物語の設定は非常に複雑なものとなっています。ここでは世界的なポルノグラフィーのサイトに関する4つの企業が出てきまますが、まずヴォルフ社という大企業が、3Dポルノグラフィーの革命と言われる日本の東京アニメ社を買収するプロジェクトを進めています。主人公ディアーヌは、その中心的なメンバーとして働いているフランス人女性です。
その一方で、ヴォルフ社のウェブサイトの独占獲得権を巡って、デーモンラヴァー社とマンガトロニクス社がひそかに動きあっているという状況があり、ディアーヌはヴォルフ社とデーモンラヴァー社の交渉阻止をしようとしているマンガトロニクス社のスパイです。
彼女は冷静で有能で、スパイとして自分を、状況を、コントロールできている自信を持っている人間ですが、実はデーモンラヴァー社のスパイもヴォルフ社に潜伏していて、ディアーヌはどんどん窮地に落とされていくという話です。ディアーヌは長身で知的で洗練された美しさを持っていますが(彼女のイメージは、アニメの「攻殻機動隊」の草薙素子を思わせるような女性像に近いと言っていいでしょう。)、その彼女がレイプや殺人、監禁などに巻き込まれていくギャップとショックが現実感が喪失されていく感覚を作り出しています。
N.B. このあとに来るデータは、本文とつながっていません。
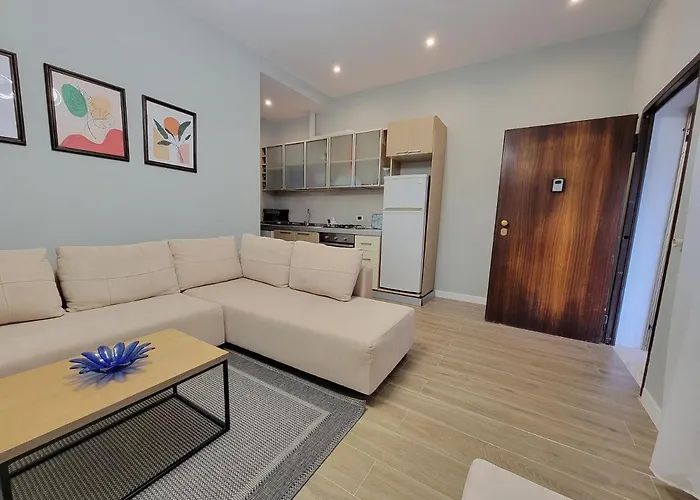 Cozy Villa, Beach. *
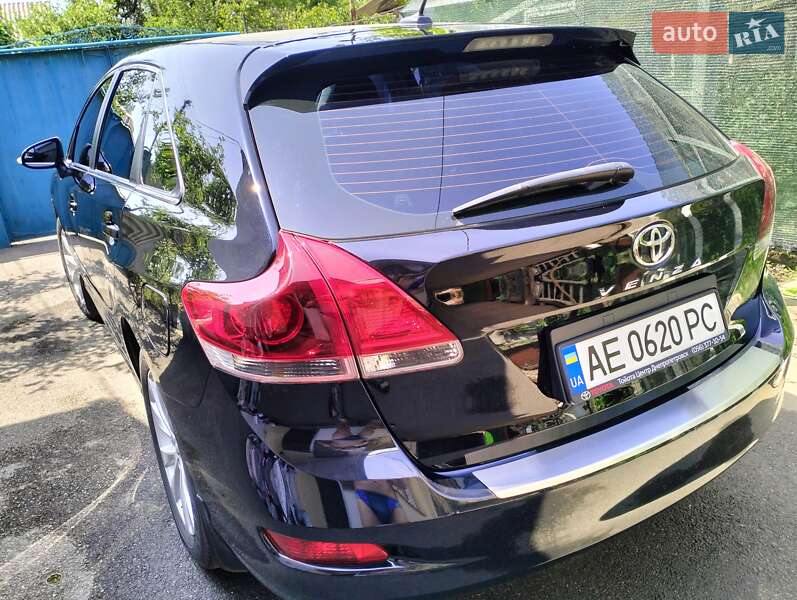 Позашляховик / Кросовер Toyota Venza 2013 в Дніпрі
デーモンラヴァー社と、マンガトロニクス社のスパイ抗争が描かれるわけですが、フランス、アメリカ、東京、メキシコなどのさまざまな国、国籍の人間が話に関わってきます。今日における巨大企業というものが国よりも単位、範囲が大きくなり非常に広い活動をしている。そしてこの映画で多く出てくるインターネットもまた距離の概念が失われるので、場所、国境や、時差がかなりあやふやな中で、登場人物はさまざまな場所へ移動し続けています。
物語の設定が非常に複雑であるにもかかわらず、最小限の説明で展開されるこの映画では、車やガラス、エレベーター、ネットやポルノ映像の画面、ネオンが、独特のリズムとエモーションを作り出しています。音響はSonic Youthが担当していて、彼らは今回音楽的なものを抑制してかなり仕事に徹していますが、非常に効果的なものを作り出しています。
また、ヴァーチャルなものと現実的なものの境界線が危うい世界に関わりながら、さらスパイという二重性を強いられた主人公たちが、水面下の中でさまざまな抗争を繰り広げ、より過激さとスピード感を増していく。そういった中でアサイヤスは非常に映画におけるカメラの可能性を強く信じていて(これはヌーベルバーグ、ゴダールの意識を強く継承しているところです)、これが現実なのか、それともディアーヌが見ている悪夢なのかよくわからなくなっていく、つまり観客が証人、目撃者としての役割を見失っていく中で、逆にカメラに映し出される個々の要素は、物語に隷属されることない独特のエモーションを作り出していく。その感覚は非常に現代的で新しさを持っているものであり、アサイヤスのすばらしいところだと思います。
※添付している画像と映画は関係ありません。